Eu sempre reforço a ideia que nosso senso comum vota e meia apronta das suas, e normalmente ele nos dá indicações e conclusões errôneas. Uma delas é o conceito de "deserto", como eu expliquei no artigo sobre o Dasht-e Lut, o lugar mais quente da Terra. Nesse artigo, eu expliquei que não basta ser quente para ser um deserto e que o Saara, apesar de mais famoso, não é o deserto mais quente nem o mais seco. Da mesma forma, pensamos que vulcões são aquelas montanhonas, prestes a mandar todo mundo pro saco que nem o Vesúvio fez e se bobearem o supervulcão de Yellowstone que está a caminho.

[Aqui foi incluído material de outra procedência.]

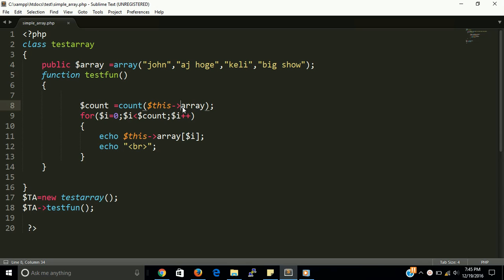So this is our full and final lesson for simple array. Then please subscribe us for more knowledgeable video. And if you have any doubt or any confusion, let me comment. I will definitely solve your problem. And thanks guys, thanks for watching, bye bye.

Podemos pensar que a Terra é o único planeta a ter vulcões, mas há um outro lugar também: o satélite natural ("lua", se você for jornalista que está fazendo parada na seção de Ciência dos portais de notícia) Titã, que orbita Saturno. Enquanto os vulcões aqui expelem lava, cinzas destruição, o vulcão de Titã expele gelo, hidrocarbonetos e várias outras substâncias. Para entender mais sobre isso, verbete TITÃ, seção SATURNO, capítulo  ASTRONOMIA do LIVRO DOS PORQUÊS.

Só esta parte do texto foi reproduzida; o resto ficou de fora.